Wednesday, February 26, 2025

William Rimmer: The Falling Gladiator

"The Falling Gladiator" by William Rimmer
"Stephen Perkins, who had been deeply impressed with William Rimmer's 'St. Stephen,' strongly encouraged the doctor to now execute a full-sized statue. He advanced a hundred dollars towards the project with which the statue could be started. On the 4th of February, 1861, this important work was begun. It was executed without the assistance of models, except such aid as the sculptor could derive from the study of his own body, in two hundred hours stolen from days already fully occupied.
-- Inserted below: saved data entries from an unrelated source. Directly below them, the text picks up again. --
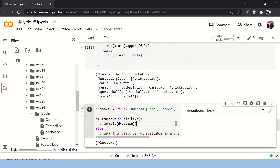To handle that, we add: if drop_down in dictionary.keys then print the image names, otherwise print an error message: 'This class is not available in any image.' Running it for 'train' now shows that message gracefully. Running it for 'truck' shows truck is only in car.jpg. That's how you can build a simple object detection GUI app. The link to all the materials discussed will be available in the description. If you like this video and want to watch more, hit the bell icon and subscribe. Thank you very much.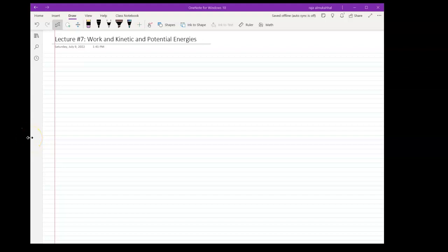Hello. In this lecture I will be covering work, kinetic energy, potential energy, and the conservation of mechanical energy. I will begin with the concept of work.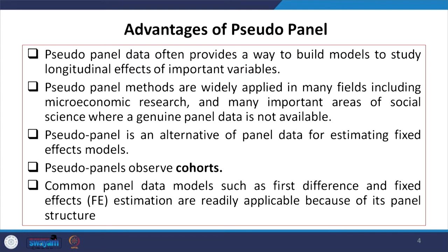Pseudo-panels observe cohorts instead of individual observations. Common panel data models such as first difference and fixed effect estimations are readily applicable because of the panel structure, and accordingly these methods will be employed.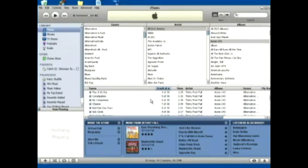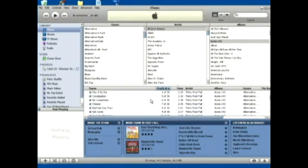There's also other programs that you can use to batch edit these tags. My personal favorite program is called TigoTago. It's a free program and it allows you to batch edit ID3 tags so you can arrange your mp3s very easily.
It was completed on the 10th of June, 1861, in the sculptor's forty-sixth year.

Rimmer worked in a small, low-windowed basement room of the house in which he lived. The lower half of the window was covered, so that passers-by could not observe what was going on within, the house being almost on the line of the sidewalk. He worked without any of the facilities usually employed by sculptors for the setting-up of a statue in clay, bracing up with sticks the different parts as he built them with his hands. The difficulties he encountered were innumerable.

He had no fire in the room, The clay froze and dried, cracking and falling down, so that parts of the statue were made many times over. He also was not a modeller; he did not develop a statue by a general and gradual building-up, but piled up the clay or plaster, and cut from it the figure, after the manner of a wood or stone carver. It was finally cast in plaster and finished in that material. The workmen who performed this operation came near destroying the entire statue; and to their carelessness they added the charge of what Dr. Rimmer understood to be an extravagant price for their labor. Of this last complication he wrote: 'Such is the pressure of life everywhere, in all men, that truth is of less importance than gain, the soul less than the body.'

Mr. Perkins watched its daily progress with the liveliest interest. In fact, public interest was growing as well, and Rimmer began to receive more visitors than he wanted who wished to see what he was creating. One said, 'I had never seen anything like it, and I could not understand or explain the existence of such a person. We had never had such an artist in Boston. Everyone who cared a fig for art became interested in Rimmer, and it was determined to induce him to come to the city and give instruction.'

In 1862 Mr. Perkins sailed for Europe, taking plaster copies of the 'The Falling Gladiator' and 'St. Stephen.' These were first exhibited in London, and afterward in the Paris Salon of 1863. Amazingly 'The Falling Gladiator' was declared by certain persons who saw it in Paris to be a cast from life and the attempt to palm it off as a modelled statue ridiculed. Mr. Perkins had hoped, that, by taking these casts to Europe, he might win for his friend a recognition abroad which would greatly improve his standing at home. These good intentions came to nought. 

The original plaster cast of 'The Falling Gladiator' was exhibited in Boston on various occasions for several years before Dr. Rimmer moved to New York. It was also shown at the exhibition of the National Academy of Design in 1865 or 1866, and was afterward removed to the Cooper Institute when Dr. Rimmer assumed the charge of the School of Design in that institution.  In the spring of 1880, it was sent to the Boston Museum of Fine Arts, where it now occupies an honored position."

 (Excerpts from "The Art Life of William Rimmer: Sculptor, Painter, and Physician" by Truman Howe Bartlett.)